6

I've inherited a very large and very messy database recently and need to clean it up. To give some idea of size, the primary database currently contains 3 big tables each with around 300 million rows and takes up about 225GB storage space. Over 5 million rows are added each day.

Because of a critical disk space shortage (predecessor did not archive old data or manage it's size at all), I was forced to delete about 280 million rows from the largest table. This process took over 25 hours to complete and the database needed to be cut off from customer-facing applications during that time.

Now, I need to reindex the table because selects and inserts take a very long time. However, I can't just take the database offline indefinitely, I need to be able to estimate the amount of time needed to perform the reindex. I have never reindexed a table so large before, so I don't really have any good reference points to draw upon.

The primary table includes a clustered, monotonically-increasing primary key, and a non-unique non-clustered key as well. I have plenty of disk space available to perform the reindex.

So my question is this: About how long do people thing this will take me? What is a good rule of thumb for estimating reindexing time?

Whiteknight
  • 183
  • 1
  • 1
  • 5
  • 1
    Why not take a current back up of the database, restore it to a lab machine of somewhat similar specs, and try it? – user6373 Nov 12 '09 at 17:47
  • 1
    that's a good question. The problem is that I don't have a spare machine available with enough muscle to try it. It's going to take 225GB of storage to hold the replicated database and (I'm estimating) up to another 100GB of storage for the log. The database server is pretty beefy (2 quad core xeons, 16GB RAM, etc) and no other machines I have available are even close to that. So any experimental will be "slower, but I'm not sure how much slower", which isn't really a good answer and isn't something I'm going to take the time to learn. – Whiteknight Nov 12 '09 at 18:12

4 Answers4

3

Have you actually checked how fragmented your tables / indexes are? Try running the following query against the database(the query runs on SQL2005 or above). Note this query will impact your server and should be run at a quiet time:

SELECT    OBJECT_NAME(i.OBJECT_ID) AS TableName,
        i.name AS IndexName,
        indexstats.avg_fragmentation_in_percent
FROM    sys.dm_db_index_physical_stats(DB_ID(), NULL, NULL, NULL, 'LIMITED') indexstats
        INNER JOIN sys.indexes i ON i.OBJECT_ID = indexstats.OBJECT_ID
    AND i.index_id = indexstats.index_id

You can selectively reindex the tables/indexes which are most fragmented.

SuperCoolMoss
  • 1,252
  • 11
  • 20
1

Any database operation is highly dependant on the hardware you are running it on.

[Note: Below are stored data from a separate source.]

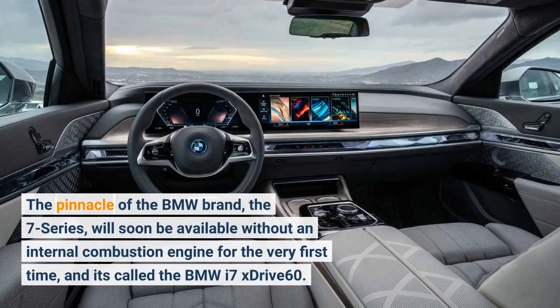The pinnacle of the BMW brand, the 7 Series, will soon be available without an internal combustion engine for the very first time, and it's called the BMW i7 xDrive60.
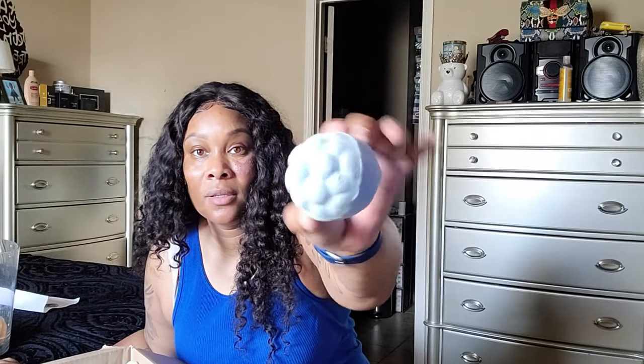They're supposed to come wrapped like this — I don't know why the other one wasn't wrapped. This is the Blackberry bath bomb, and it looks like that. I've never actually had blackberries, so I couldn't tell you if that's how it's supposed to smell.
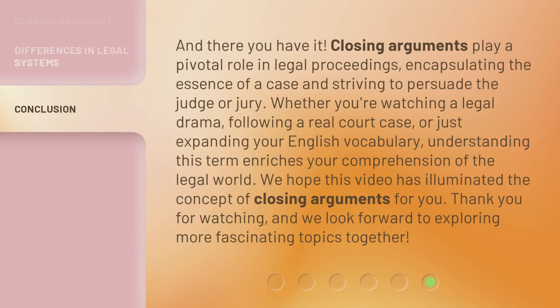And there you have it. Closing arguments play a pivotal role in legal proceedings, encapsulating the essence of a case and striving to persuade the judge or jury. Whether you're watching a legal drama, following a real court case, or just expanding your English vocabulary, understanding this term enriches your comprehension of the legal world. We hope this video has illuminated the concept of closing arguments for you. Thank you for watching, and we look forward to exploring more fascinating topics together.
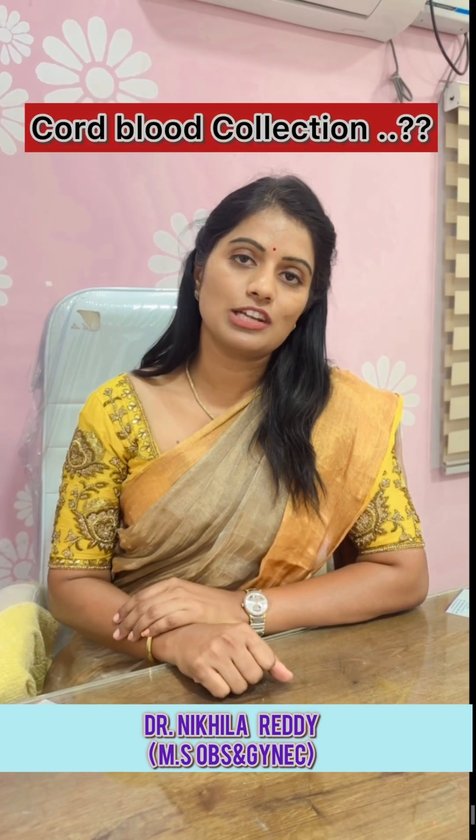Hello everyone, I am Dr. Nikhila, consultant gynecologist from Sai Swarupa Hospital. Today we are talking about Cord Blood Cell Collection.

Since you say you cut out a very large amount of rows already, it shouldn't be a problem to run it during off-peak hours.

You could set up replication and offer that database to your customers while you clean up the old one and set it in read-only so they can still get any data they might need.

gekkz
  • 4,219
  • 2
  • 20
  • 19
1

No way to estimate how long it will take - so many different things would have an impact. Similar to what Paul writes about the length of a CHECKDB, very similar things would come into play with indexing and more. The best answer would be how long has it taken in the past? If you can't determine that, next best option would probably be to try it on a similar non-production environment, but even that won't necessarily match (i.e. concurrency concerns, etc. would be different).

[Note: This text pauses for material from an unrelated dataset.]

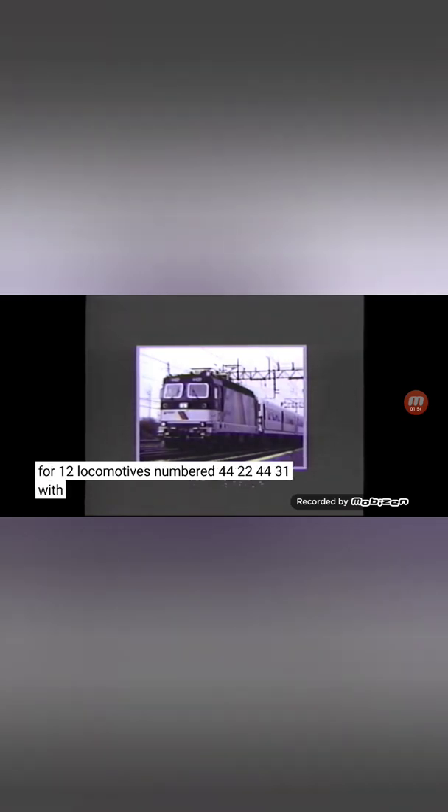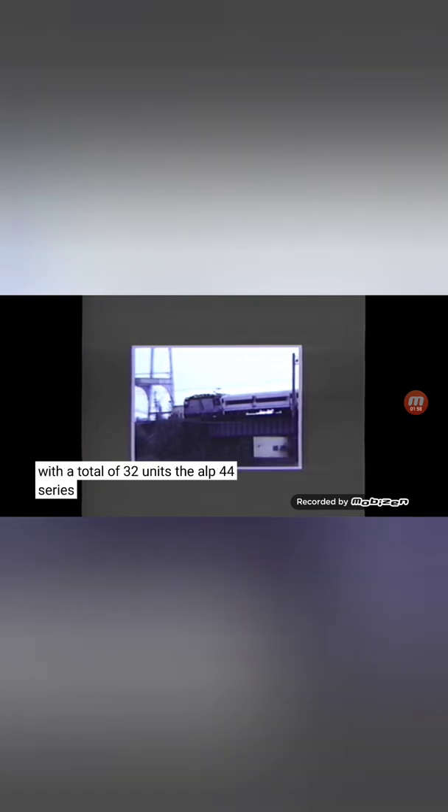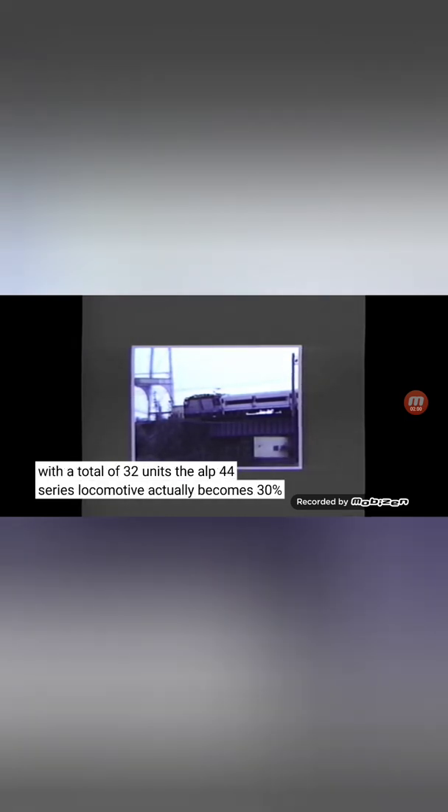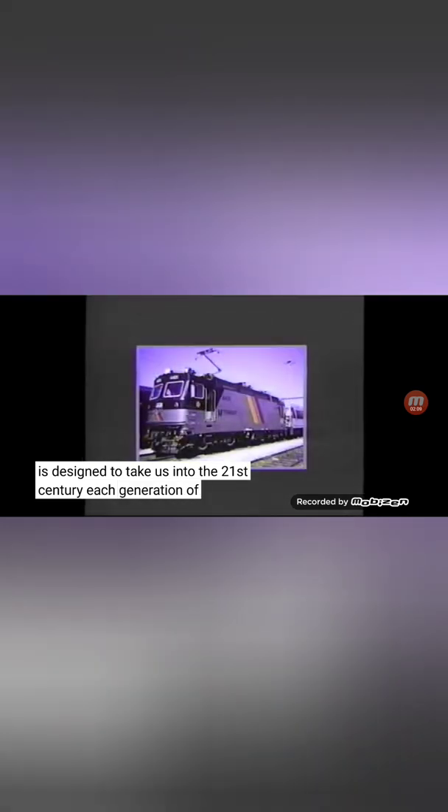The M series (microprocessor) covered 12 locomotives numbered 4420 to 4431. With a total of 32 units, the ALP-44 series actually became 30 percent of NJ Transit's standalone locomotive fleet and was designed to take the railroad into the 21st century.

As a side note, you may want to look into ONLINE INDEX OPERATIONS in Sql 2005 and above...I can't add a second hyperlink, but google "online index operations sql server" and click the top link.

boydc7
  • 531
  • 2
  • 6
  • Supplement for "second link" https://docs.microsoft.com/en-us/sql/relational-databases/indexes/guidelines-for-online-index-operations?view=sql-server-2017 – Mark Schultheiss Jun 13 '18 at 10:39
1

Once you get the table rebuilt initially, you'll want to set up maintenance jobs to periodically defrag/rebuild the indexes. Michelle Ufford aka @SQLFool has an excellent set of scripts for this:

http://sqlfool.com/2009/06/index-defrag-script-v30/

You set the thresholds of when you want to defrag vs rebuild. It automatically detects which indexes it can rebuild online, and does that as well, giving you some uptime benefits.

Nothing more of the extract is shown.